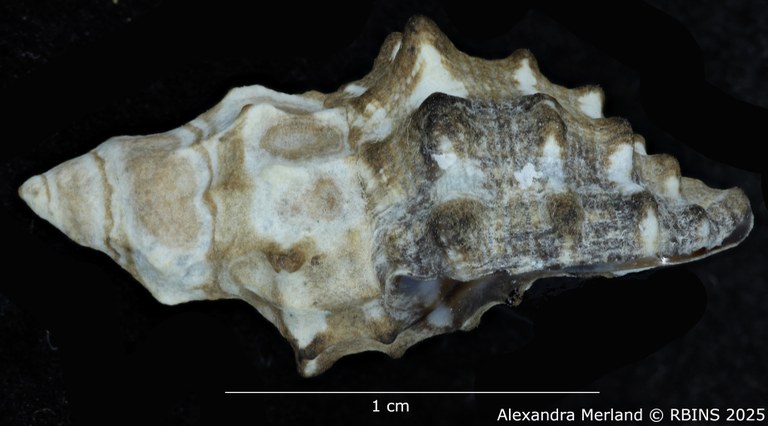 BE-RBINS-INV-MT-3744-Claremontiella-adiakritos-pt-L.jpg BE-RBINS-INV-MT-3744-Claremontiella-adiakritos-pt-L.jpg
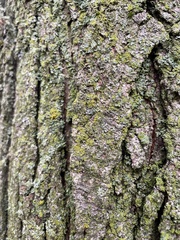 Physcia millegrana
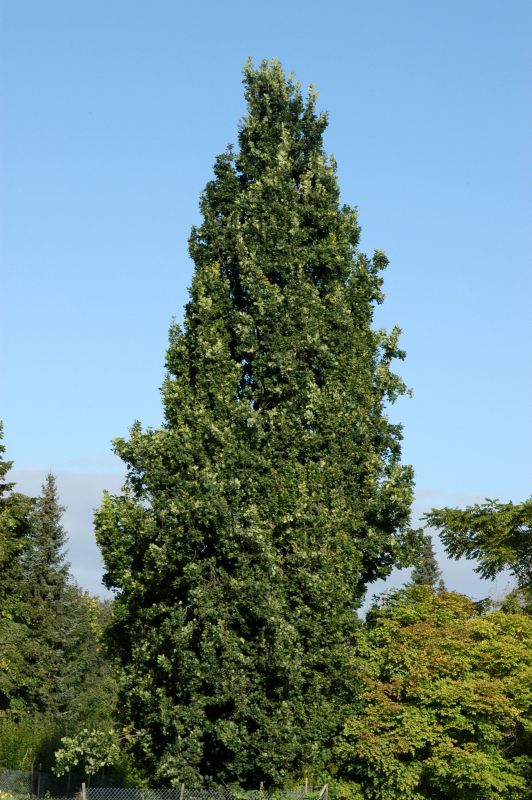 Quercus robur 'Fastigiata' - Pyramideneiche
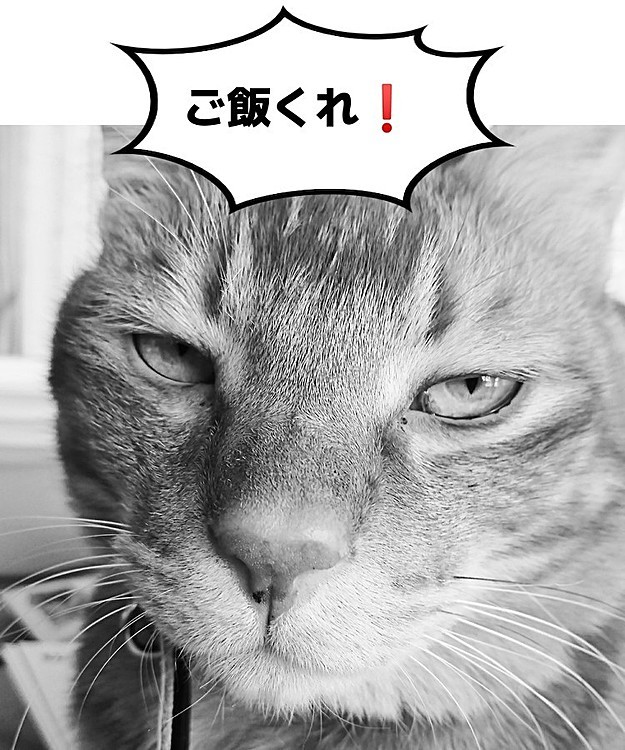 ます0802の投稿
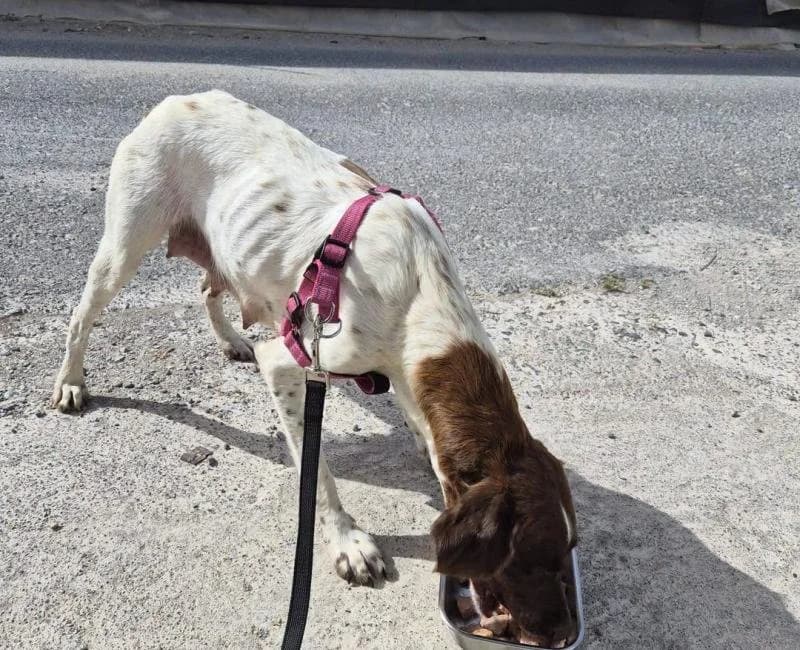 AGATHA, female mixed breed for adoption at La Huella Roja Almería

◆ WHAT IS EXPECTED
What you return should be the full listing, unchanged, minus the pictures.

◆ RESULT OF THE TASK
 BE-RBINS-INV-MT-3744-Claremontiella-adiakritos-pt-L.jpg BE-RBINS-INV-MT-3744-Claremontiella-adiakritos-pt-L.jpg
 Physcia millegrana
 Quercus robur 'Fastigiata' - Pyramideneiche
 ます0802の投稿
 AGATHA, female mixed breed for adoption at La Huella Roja Almería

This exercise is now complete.